Devin Vargas

Personal information
- Born: December 25, 1981 (age 44) Toledo, Ohio, U.S.
- Height: 6 ft 3+1⁄2 in (192 cm)
- Weight: Heavyweight

Boxing career
- Reach: 75+1⁄2 in (192 cm)
- Stance: Orthodox

Boxing record
- Total fights: 33
- Wins: 24
- Win by KO: 9
- Losses: 17
- Draws: 0

Medal record
Men's amateur boxing
Representing United States
Pan American Games
| Bronze medal – third place | 2003 Santo Domingo | Heavyweight |
Pan American Championships
| Gold medal – first place | 2001 San Juan | Heavyweight |
US Olympic Trials
| Gold medal – first place | 2004 Tunica | Heavyweight |
American Boxing Classic
| Gold medal – first place | 2003 Waukesha | Heavyweight |
Copenhagen Cup
| Silver medal – second place | 2002 Roskilde | Heavyweight |
U.S. Challenge
| Bronze medal – third place | 2001 Lake Placid | Heavyweight |
| Silver medal – second place | 2002 Colorado Springs | Heavyweight |
| Gold medal – first place | 2003 Colorado Springs | Heavyweight |
U.S. National Championships
| Silver medal – second place | 2001 Colorado Springs | Heavyweight |
| Silver medal – second place | 2002 Las Vegas | Heavyweight |
| Gold medal – first place | 2003 Colorado Springs | Heavyweight |
Golden Gloves
| Gold medal – first place | 2000 Detroit | Heavyweight |
| Gold medal – first place | 2001 Reno | Heavyweight |
| Bronze medal – third place | 2002 Denver | Heavyweight |
| Bronze medal – third place | 2003 Las Vegas | Heavyweight |

= Devin Vargas =

American boxer

Devin Vargas (born December 25, 1981) is an American professional boxer. As an amateur, he won a bronze medal at the 2003 Pan American Games. He also represented the United States at the 2004 Olympics.

==Amateur career==
Vargas had a stellar amateur career prior to turning professional. Vargas was the National Golden Gloves Heavyweight Champion in 2000 and 2001. In 2003 he stopped Mike Marrone but was stopped inside the distance by eventual winner Charles Ellis. He became US champion in 2003. In international fights he lost twice to Kertson Manswell in 2003 but beat him in 2004 to qualify for the Olympics.
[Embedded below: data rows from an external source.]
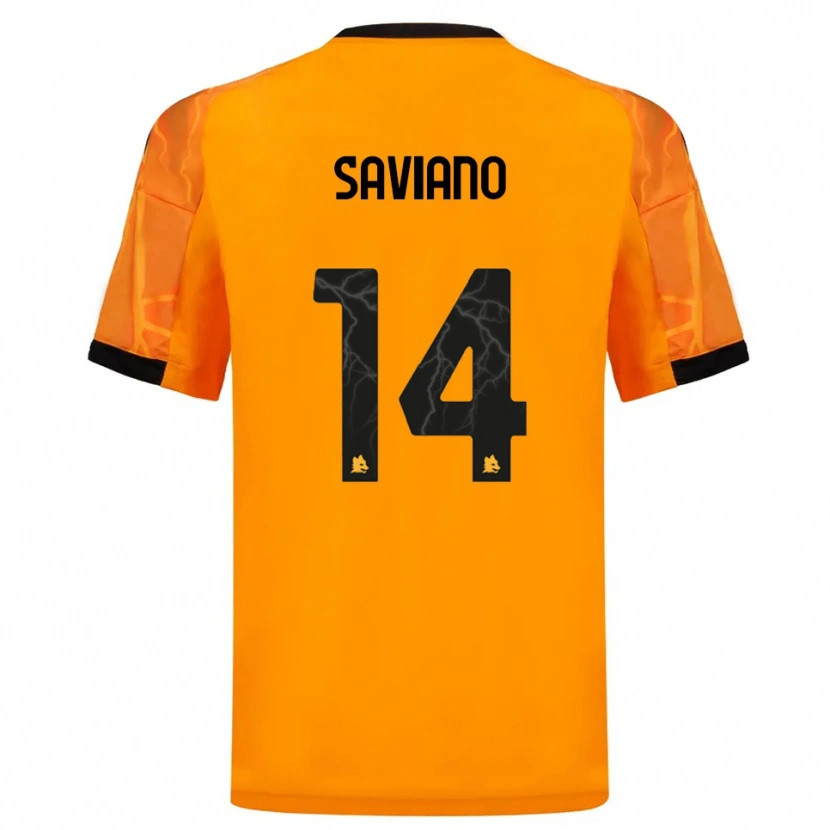 Danxen Børn Giuseppe Saviano #14 Orange Sort Udebane Spillertrøjer 2025/26 Trøje T-Shirt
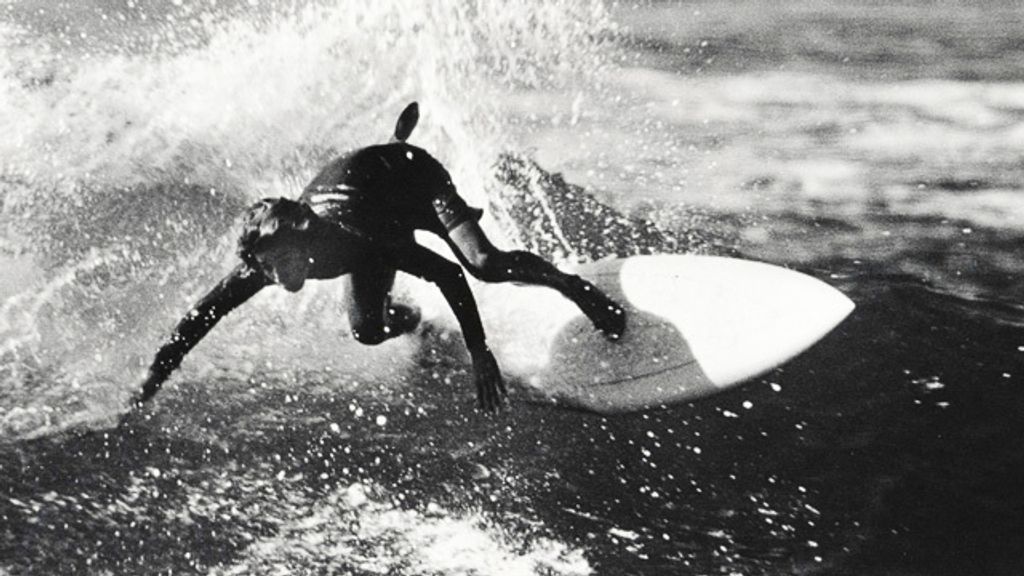 Michael Ho surfing in the prelims of the 1972 world championships, Oceanside. Photo by Jeff Divine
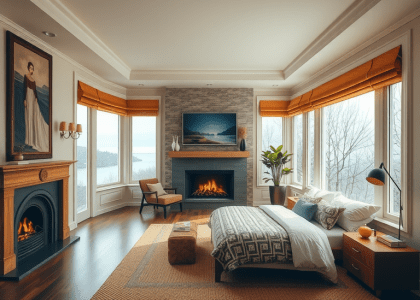 Cozy boho bedroom with a fireplace and large windows, featuring earthy decor and minimalist organic elements, ideal for promoting bright and inviting guest room ideas.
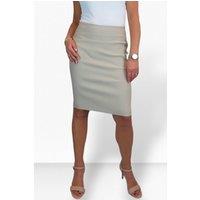 Paulo Due Women's Stretch Bodycon Pencil Skirt 22 in Light Beige | Size: 6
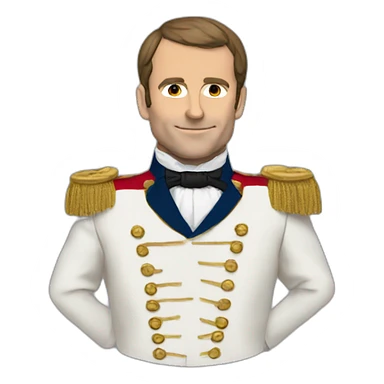 macron with napoleon suit sticker
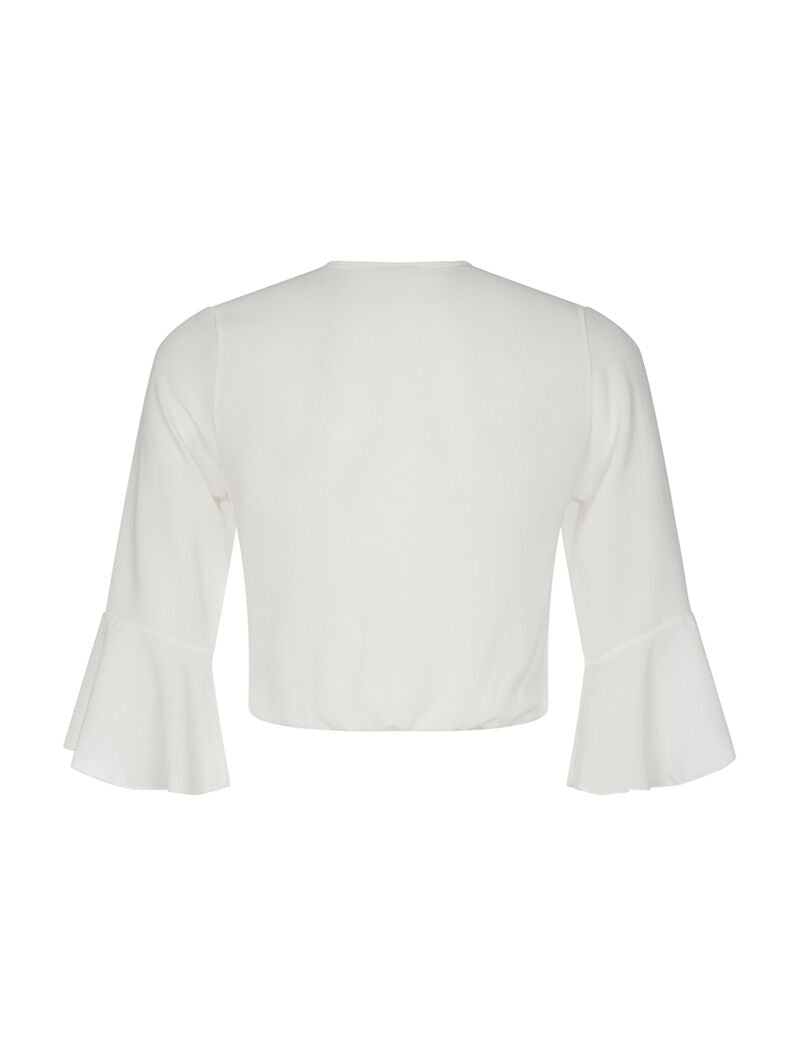 Crop-top coeur-croisé basic - blanc - 2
Vargas qualified for the Olympic Games by ending up in first place at the 1st AIBA American 2004 Olympic Qualifying Tournament in Tijuana, Mexico. He competed at the 2004 Olympics in Athens as a heavyweight representing the United States. His results were:
- 1st round - Defeated Rachid El Haddak (Morocco) RSC-3 (1:20)
- 2nd round - Lost to Viktar Zuyev (Belarus) 27-36

==Professional career==

Vargas turned professional in 2004. He sustained his first defeat by a ranked opponent, Kevin Johnson, in a May 15, 2009 bout. It became clear early in the fight that Vargas was in over his head, being dropped in the 3rd—giving Johnson a massive lead—and again in the 5th round. Bloody and bruised during the latter, Vargas looked like a beaten man, and it was evident that the end was near. The end came with a flurry of combinations unleashed by Johnson early in the 6th round, thus scoring Johnson a TKO; had the fight been left to continue, it would have resulted in knock out. Mercy came when Vargas's corner saw the writing on the wall and, with a toss of a white towel, ended this mismatch, sparing Vargas further injury.

==Personal life==
He is the younger brother of boxer Dallas Vargas.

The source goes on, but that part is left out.